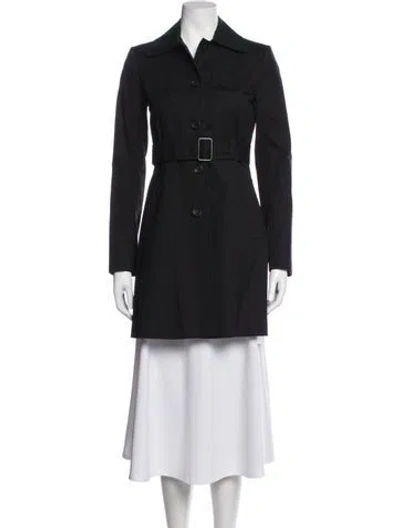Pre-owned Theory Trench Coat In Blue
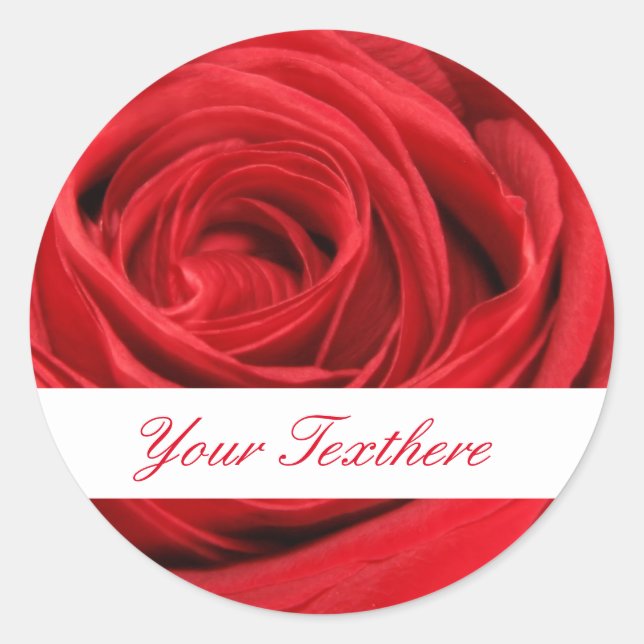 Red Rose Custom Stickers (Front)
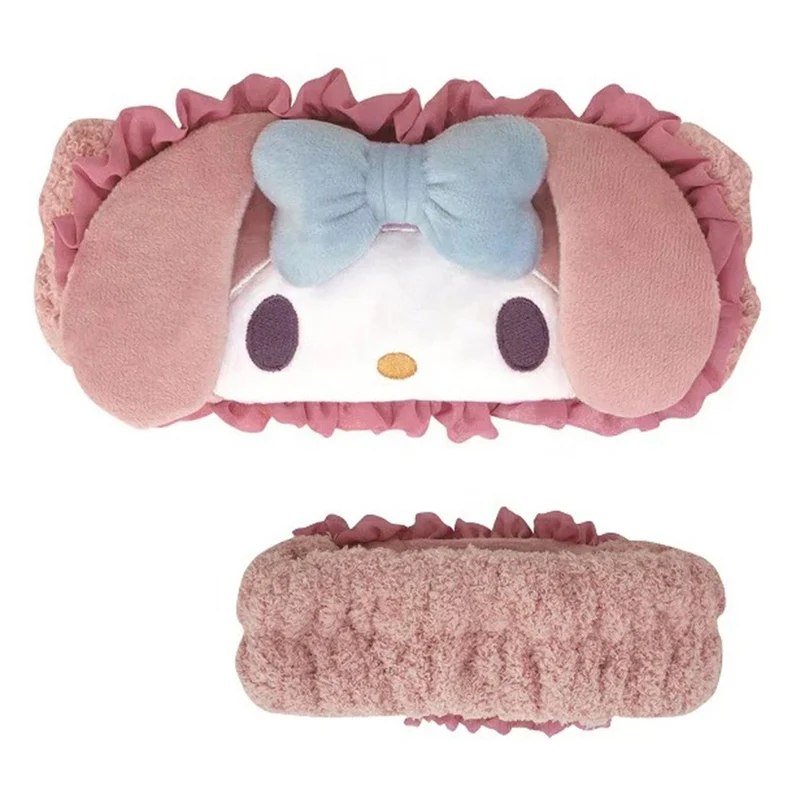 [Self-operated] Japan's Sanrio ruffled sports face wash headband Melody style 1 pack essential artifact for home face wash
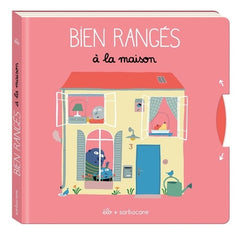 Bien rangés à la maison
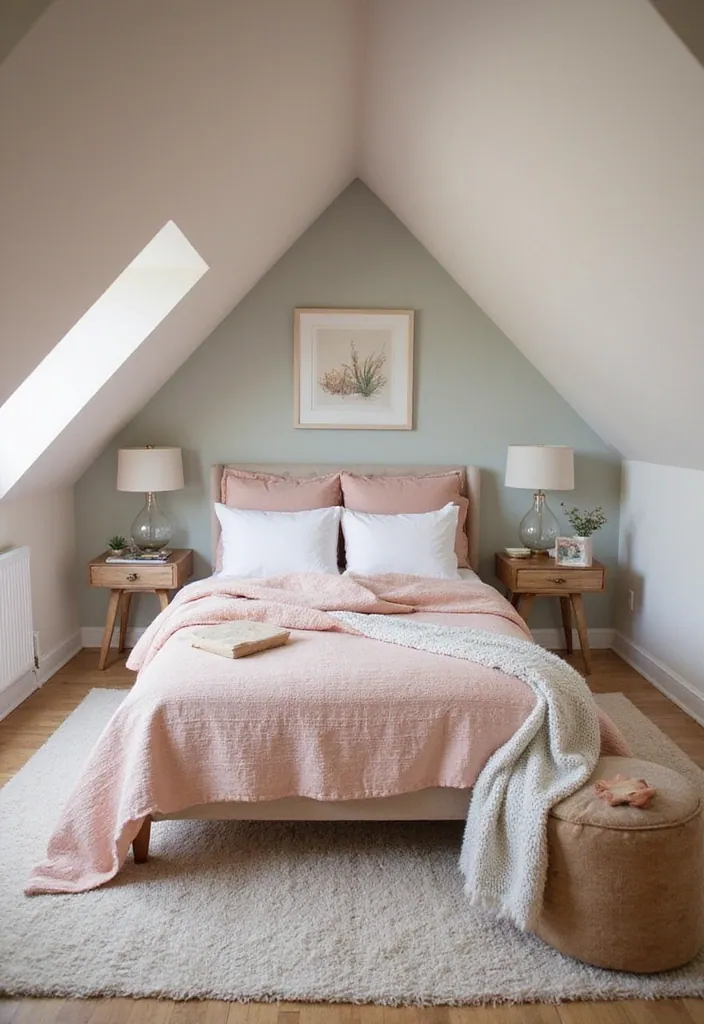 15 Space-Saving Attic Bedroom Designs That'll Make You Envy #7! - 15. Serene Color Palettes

# Your objective:
Write the listing out a second time exactly, dropping all images.

# Response to the task:
Pre-owned Theory Trench Coat In Blue
 Red Rose Custom Stickers (Front)
 [Self-operated] Japan's Sanrio ruffled sports face wash headband Melody style 1 pack essential artifact for home face wash
 Bien rangés à la maison
 15 Space-Saving Attic Bedroom Designs That'll Make You Envy #7! - 15. Serene Color Palettes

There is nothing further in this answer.